• What is required
Skip pictures in the listing below; copy exactly the lines from the one with "this 1456×819 image." through the one with "this 1000×664 image.", inclusive.

§ §

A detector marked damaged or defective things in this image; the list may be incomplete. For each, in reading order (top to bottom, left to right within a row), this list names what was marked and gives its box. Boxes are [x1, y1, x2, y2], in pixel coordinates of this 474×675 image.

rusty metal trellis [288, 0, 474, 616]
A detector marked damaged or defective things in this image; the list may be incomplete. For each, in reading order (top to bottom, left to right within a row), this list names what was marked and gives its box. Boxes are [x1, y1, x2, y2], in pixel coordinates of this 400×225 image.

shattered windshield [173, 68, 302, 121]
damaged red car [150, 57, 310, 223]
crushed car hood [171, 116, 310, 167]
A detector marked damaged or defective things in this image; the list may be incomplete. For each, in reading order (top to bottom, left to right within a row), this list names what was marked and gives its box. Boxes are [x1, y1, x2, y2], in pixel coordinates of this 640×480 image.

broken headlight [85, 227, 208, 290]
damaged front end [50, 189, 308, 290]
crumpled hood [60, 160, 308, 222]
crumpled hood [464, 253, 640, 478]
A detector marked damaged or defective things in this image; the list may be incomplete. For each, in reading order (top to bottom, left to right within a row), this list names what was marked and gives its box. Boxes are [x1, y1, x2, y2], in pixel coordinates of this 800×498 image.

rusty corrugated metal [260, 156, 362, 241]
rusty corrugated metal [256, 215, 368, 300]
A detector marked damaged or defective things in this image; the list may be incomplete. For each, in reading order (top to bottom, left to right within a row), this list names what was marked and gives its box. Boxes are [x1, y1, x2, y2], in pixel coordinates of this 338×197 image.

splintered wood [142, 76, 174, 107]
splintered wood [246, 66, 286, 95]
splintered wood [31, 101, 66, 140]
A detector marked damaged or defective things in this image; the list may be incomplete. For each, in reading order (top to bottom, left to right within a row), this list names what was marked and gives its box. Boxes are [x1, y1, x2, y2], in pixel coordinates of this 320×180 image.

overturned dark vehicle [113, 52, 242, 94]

§ §

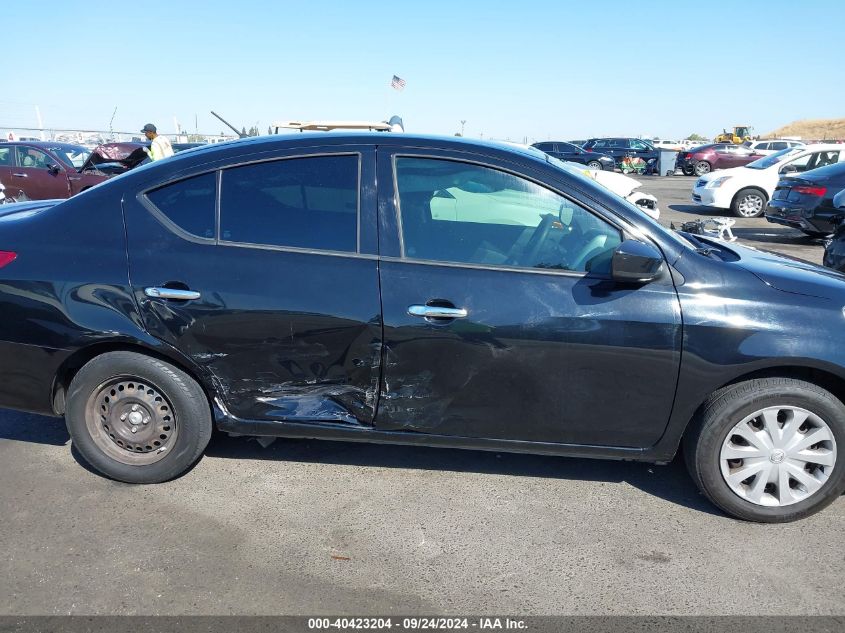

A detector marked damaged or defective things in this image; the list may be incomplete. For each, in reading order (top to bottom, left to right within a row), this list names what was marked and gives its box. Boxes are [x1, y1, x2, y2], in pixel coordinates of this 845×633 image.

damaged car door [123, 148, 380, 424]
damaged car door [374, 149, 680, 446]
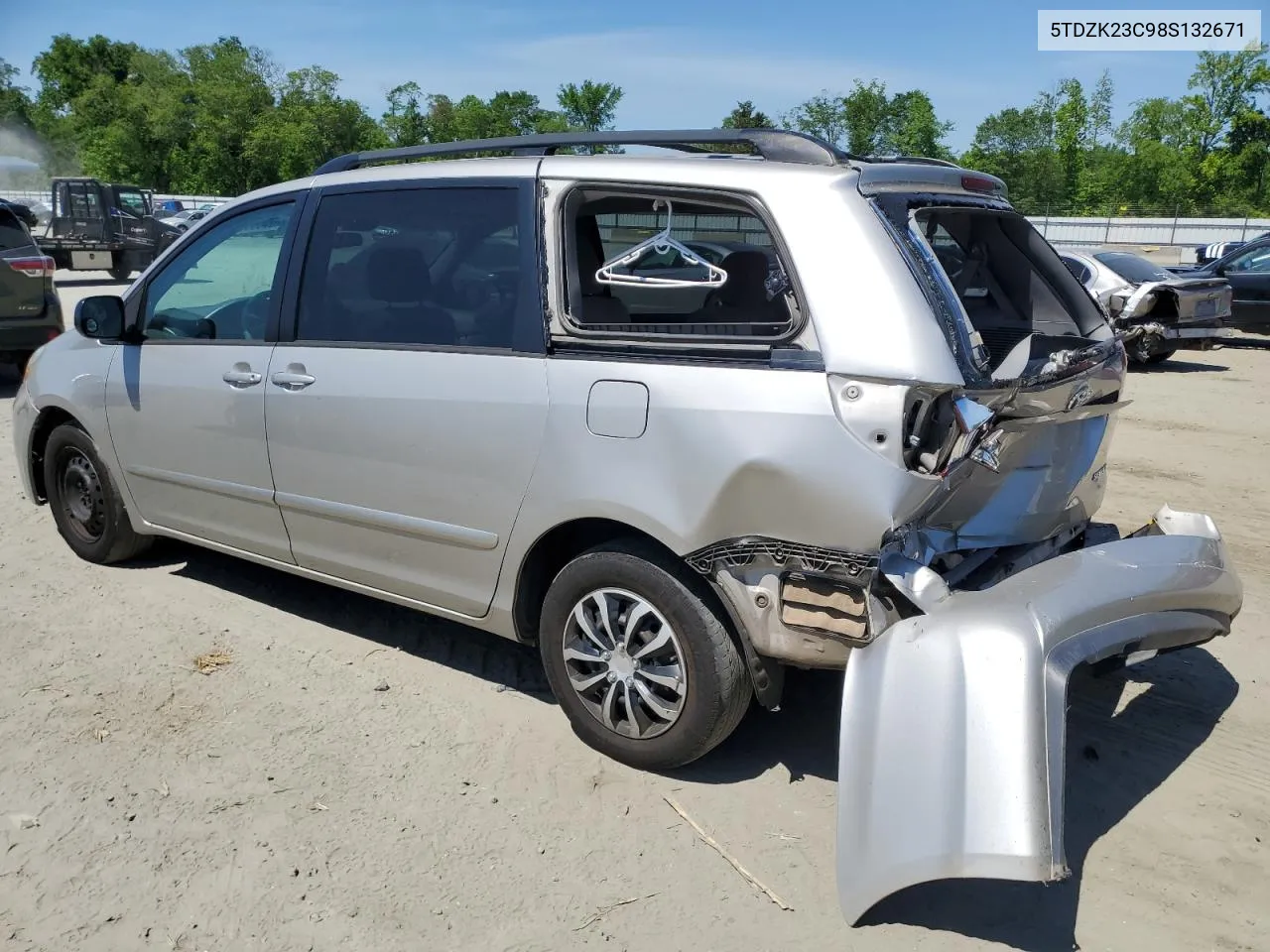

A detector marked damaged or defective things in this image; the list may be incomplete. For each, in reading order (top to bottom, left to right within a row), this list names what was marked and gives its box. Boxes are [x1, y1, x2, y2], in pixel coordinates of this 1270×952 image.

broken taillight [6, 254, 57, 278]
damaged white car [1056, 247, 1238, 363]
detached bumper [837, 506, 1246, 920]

§ §

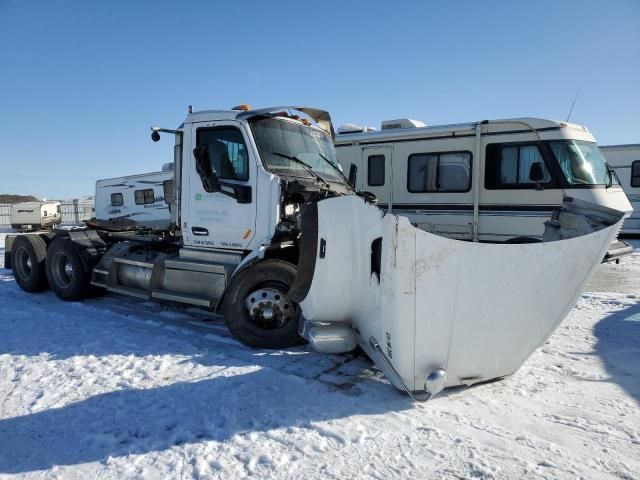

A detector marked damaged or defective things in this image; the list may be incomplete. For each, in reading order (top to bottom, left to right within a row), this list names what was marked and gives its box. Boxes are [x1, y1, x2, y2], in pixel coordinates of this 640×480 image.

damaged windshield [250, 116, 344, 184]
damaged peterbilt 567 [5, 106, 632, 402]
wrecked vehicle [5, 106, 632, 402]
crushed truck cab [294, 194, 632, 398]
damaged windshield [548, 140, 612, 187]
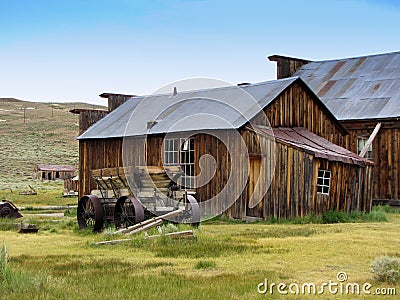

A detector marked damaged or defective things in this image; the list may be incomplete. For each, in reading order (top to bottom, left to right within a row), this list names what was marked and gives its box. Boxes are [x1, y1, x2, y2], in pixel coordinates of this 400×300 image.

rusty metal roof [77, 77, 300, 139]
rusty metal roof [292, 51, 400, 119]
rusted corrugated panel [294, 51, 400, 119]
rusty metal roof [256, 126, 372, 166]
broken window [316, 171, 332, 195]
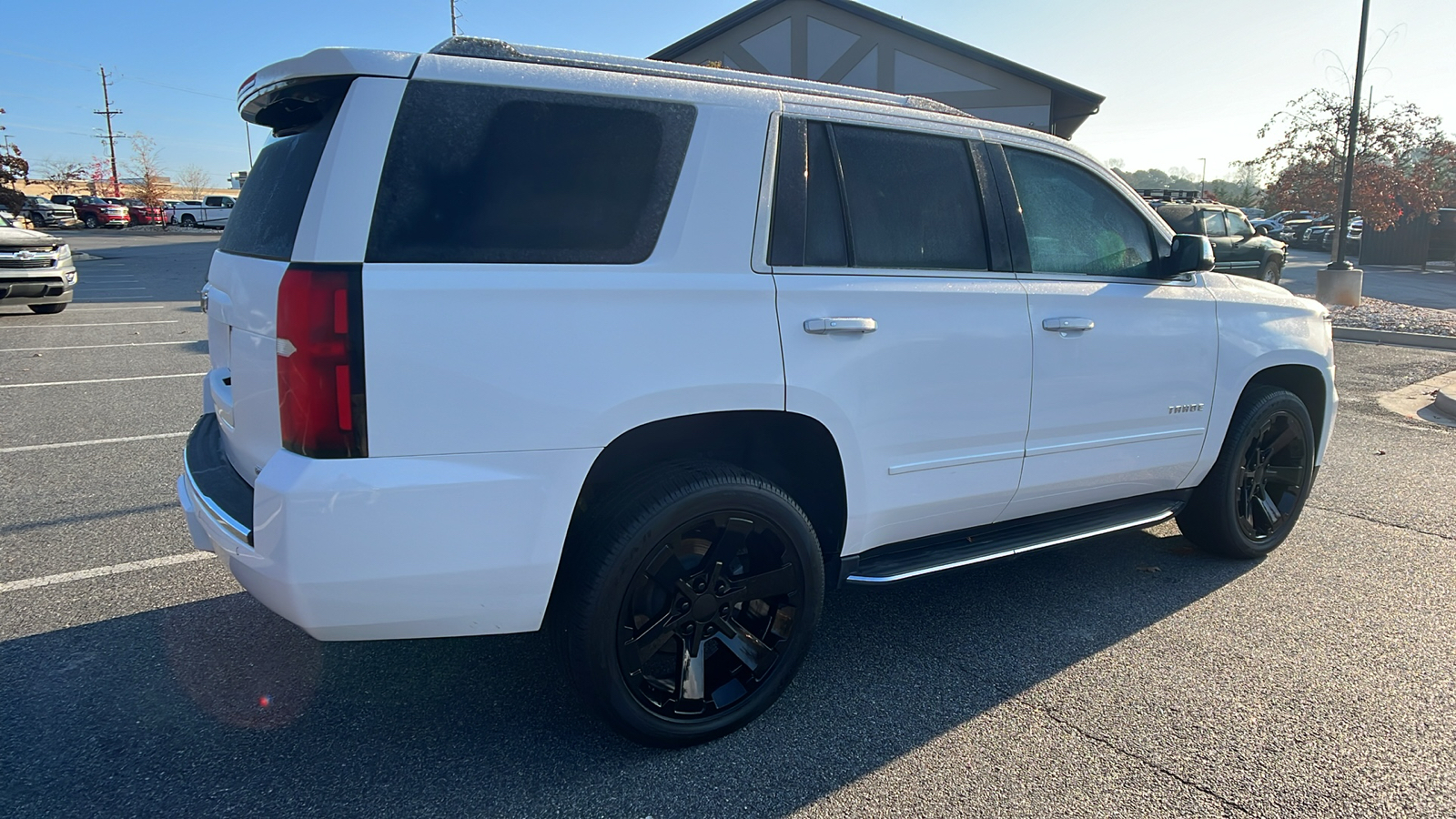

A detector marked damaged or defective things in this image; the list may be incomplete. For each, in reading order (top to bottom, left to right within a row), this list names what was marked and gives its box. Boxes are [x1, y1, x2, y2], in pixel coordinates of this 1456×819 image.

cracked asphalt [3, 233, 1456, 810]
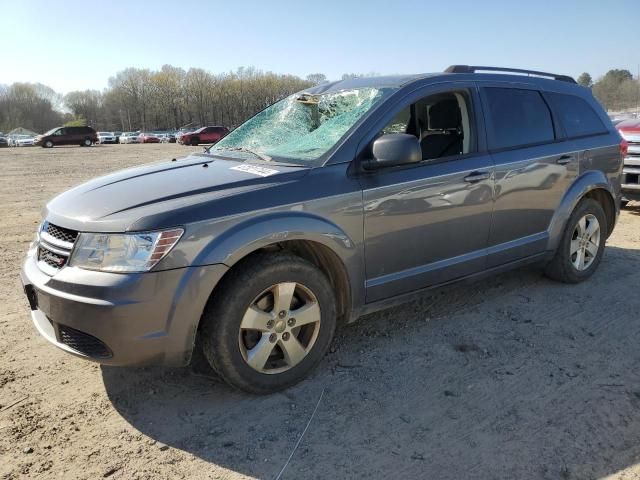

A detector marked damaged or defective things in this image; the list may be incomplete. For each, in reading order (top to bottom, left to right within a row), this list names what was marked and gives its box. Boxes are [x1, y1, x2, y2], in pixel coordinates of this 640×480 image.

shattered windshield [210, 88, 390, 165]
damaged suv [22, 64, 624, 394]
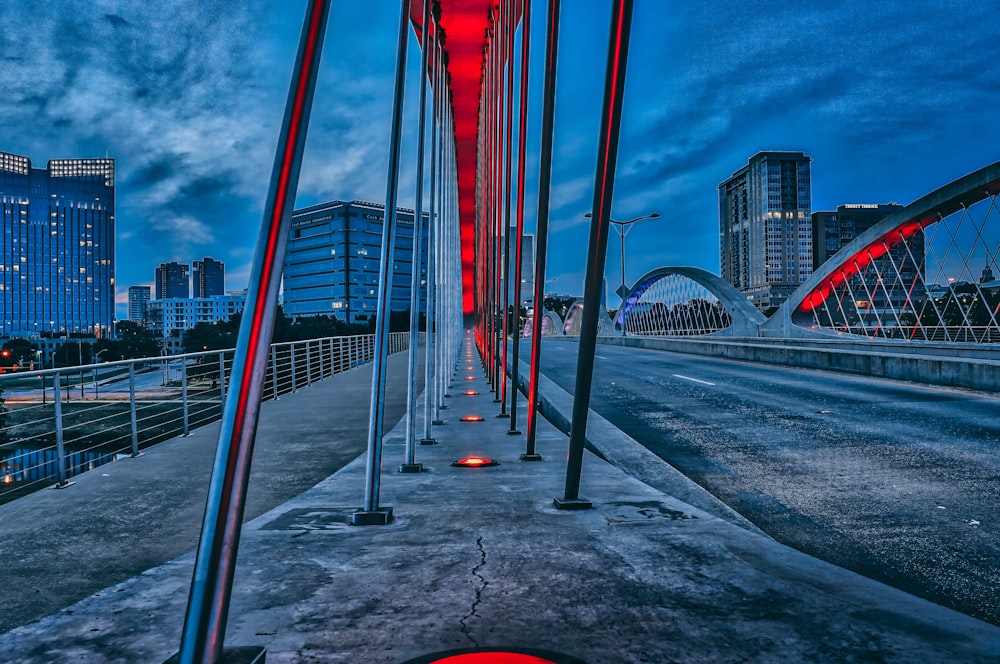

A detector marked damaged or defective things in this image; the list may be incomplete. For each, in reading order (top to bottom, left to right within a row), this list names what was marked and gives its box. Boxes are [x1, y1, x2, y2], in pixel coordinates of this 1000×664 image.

§ §

• The completed task
A detector marked damaged or defective things in this image; the list may be incomplete. For each, in reading order (top to bottom, left to right within a row), this list names what was marked and gives its box. Boxes are [x1, y1, x2, y2], in pixel coordinates of this 1456×819 image.

cracked asphalt [3, 233, 1456, 810]

A detector marked damaged or defective things in this image; the list may be incomplete. For each, in reading order (top to bottom, left to right within a row), this list names what was marked and gives its box. Boxes are [x1, y1, x2, y2], in pixel coordinates of this 640×480 image.

shattered windshield [210, 88, 390, 165]
damaged suv [22, 64, 624, 394]

A detector marked damaged or defective things in this image; the list may be incomplete. For each, in reading order (top to bottom, left to right within a row), this list names what was marked and gives its box. Boxes are [x1, y1, x2, y2], in pixel coordinates of this 1000×664 image.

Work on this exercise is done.